14/09/2013 Caught Knapping - Flints
Saturday 14th saw about a dozen members bashing rocks ! No, we hadn't been given hard labour but were trying our hand at flint knapping. Antony Whitlock from ExeterUniversity demonstrated the manufacture of a range of tools from flint cores and flakes. This followed on neatly from Robert's lecture of a fortnight earlier.
He began by breaking a pebble to make a chopping tool such as would probably have been made on the spot for immediate use by early man. Later humans made more sophisticated hand axes in advance by chipping away flakes until they had made the core into a pre-determined shape. The flakes had useful sharp edges and some would be used for making other tools.
Our tutor talked us through the knapper's thought process, showing us how he would search for or form edges with angles of less than 90 degrees and then strike a blow of just the right weight onto a convex surface where it's energy would most easily remove a long flake, such as at the end of a ridge. This he demonstrated with aplomb. He showed us some he'd made earlier and like a magic trick, lifted a flake from what had appeared to be a solid rock, then another from beneath it.

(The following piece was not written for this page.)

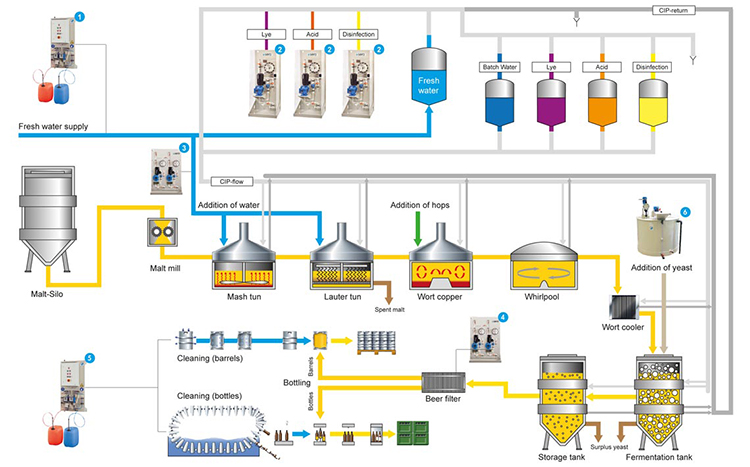 Technology of brewing beer with beer equipment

In later Palaeolithic times, cores were prepared especially to get more of the suitable flakes with less waste and Antony showed us a Levallois core he had made and the several layers of long flakes he had removed from it, all good blades, fitting them back like reconstructing an onion. We saw how smaller flakes were made and used during the Mesolithic. Some of his bifacial hand axes were passed around, one being so slender as to be translucent. By then we could see how much thought and work had gone into its production. We also saw some examples cast in porcelain which were used as teaching aids and to study impact fractures.
Using smaller hammerstones and a soft hammer of deer antler Antony demonstrated more gentle flaking techniques, abruptly retouching an edge to form a scraper. Still one of the most common tool types during the Bronze Age, we have found some on our Drift Road excavation. He also demonstrated pressure flaking, for which by then bronze tipped ‘awls’ were probably used. With its serrated edge, the hafted knife he had made would not look too out of place in a modern cutlery drawer.

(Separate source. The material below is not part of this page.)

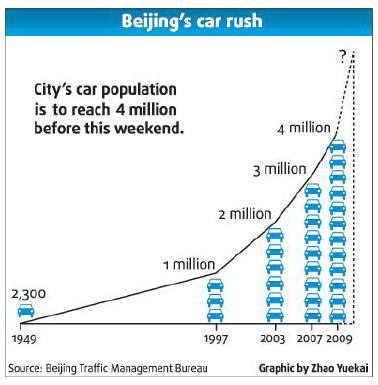 4 m cars to bring problems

Responding to questions he showed how flakes were turned into tranchet, leaf-shaped and tanged arrowheads. We admired some complete arrows and discussed methods of extracting resin from birch bark to glue the arrowheads onto shafts, usually after lashing them on with sinews.
By then we were eager to have a go at producing a flake, so donned our goggles and each tried to remove useful pieces from a flint nodule but we needed reminding how to begin. It is not as easy as Anthony had made it look but he helped us decide how to proceed. If this was a skill most people would have attempted they must have been clever folk back then.